Dopo vari cortometraggi di Greenaway lei ha poi musicato tutti i suoi più celebri lungometraggi degli anni ’80 e ’90 dando loro una impronta indimenticabile. Come lavoravate insieme?

Ogni volta era un processo diverso. La musica di “The Draughtsman's Contract” (“I misteri del giardino di Compton House”, 1982) la composi sulla base della sceneggiatura del film di Greenaway, molto prima delle riprese. Per “A Zed & Two Noughts” (“Lo zoo di Venere”, 1985) creai la colonna sonora mentre il film era sul set, ma non ho mai potuto vedere il girato. Per “Drowning by Numbers” (“Giochi nell’acqua”, 1988) Peter mi chiese la musica solo a film terminato. Invece la soundtrack del film “The Cook the Thief His Wife & Her Lover” (“Il cuoco, il ladro, sua moglie, l’amante”, 1989) è nata da un brano che avevo scritto nel 1985 per commemorare i tifosi della Juventus morti nel disastro dello stadio Eysel: glielo diedi e Peter costruì il film attorno a quel pezzo. Anche se oggi pare impossibile separare le immagini del film di Greenaway da quella musica, questa fu scritta 5 anni prima. Per “Prospero's Books” (“L’ultima tempesta”, 1991) misi insieme dei brani che avevo già scritto in precedenza. Per cui non c’è mai stata una regola.

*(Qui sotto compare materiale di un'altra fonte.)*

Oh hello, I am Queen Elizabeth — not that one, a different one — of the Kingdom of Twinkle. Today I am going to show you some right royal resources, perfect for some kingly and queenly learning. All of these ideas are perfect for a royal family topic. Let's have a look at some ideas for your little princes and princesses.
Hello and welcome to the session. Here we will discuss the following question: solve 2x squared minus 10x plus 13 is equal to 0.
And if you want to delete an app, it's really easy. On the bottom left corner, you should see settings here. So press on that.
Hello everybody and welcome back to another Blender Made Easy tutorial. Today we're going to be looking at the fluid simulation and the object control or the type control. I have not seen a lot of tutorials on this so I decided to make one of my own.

Dopo un’altra collaborazione importante con Patrice Leconte per “L'insolito caso di Mr. Hire (“Monsieur Hire”, 1989) e “Il marito della parrucchiera (“Le Mari de la coiffeuse”, 1990), la sua colonna sonora più celebre fu quella romantica e pluripremiata di “Lezioni di piano” di Jane Campion.

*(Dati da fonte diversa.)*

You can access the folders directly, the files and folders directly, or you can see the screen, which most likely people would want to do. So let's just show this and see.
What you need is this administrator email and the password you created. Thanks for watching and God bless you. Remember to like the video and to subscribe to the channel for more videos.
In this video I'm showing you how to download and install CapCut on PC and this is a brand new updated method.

Lei mi voleva assolutamente per dare un’impronta musicale forte al suo “The Piano”, in particolare ad alcune scene topiche, ma mi disse subito che non voleva nulla di simile alla musica (durante l’incontro con il pubblico riferisce letteralmente “that shit”) di Peter Greenaway. Le spiegai che quella non era la musica di Peter Greenaway ma di Michael Nyman ma che avrei cercato di accontentarla. Non fu facile, ne palammo molto e io contribuii anche alla scelta di Holly Hunter come protagonista perché, pochi lo sanno, inizialmente doveva essere Anjelica Huston.


Come riusciste ad ottenere una tale compenetrazione tra immagine e suono in un film in cui la musica stessa è protagonista del racconto?

Holly Hunter nel film suona davvero il piano con la mia musica e naturalmente ha dovuto studiarla per due o tre mesi prima di girare. Durante le riprese in Nuova Zelanda, su quella spiaggia, Jane Campion usava sempre la mia musica diffondendola sul set e Holly ci recitò sopra usando il suo corpo anziché la voce. Quella che sembra una perfetta e naturale corrispondenza tra immagine e musica fu il frutto di un lungo e paziente lavoro.


Meno conosciuto della sua musica è il suo lavoro come fotografo e documentarista. Cosa rappresenta per lei mister Nyman?

Da bravo film-maker porto sempre con me una piccola videocamera (ne estrae una molto compatta dal taschino della giacca), ma sono un regista di strada e un fotografo di strada. Direi che il… (
ci pensa bene) 92% dei film che faccio sono suggeriti dalla realtà che si mostra davanti a me, qualche volta qui a Milano, più spesso a Città del Messico dove vivo.

Ma la curiosità maggiore è forse sapere che musica ascolta Michael Nyman.

Non ascolto nessuna musica, mai… (
lunga pausa) No! Solo qualche volta, quando mi fermo a lungo a Milano, vado a sentire qualcosa di molto diverso dal mio mondo, come Luigi Nono, il gruppo Sentieri Selvaggi, oppure un’opera alla Scala, soprattutto Verdi.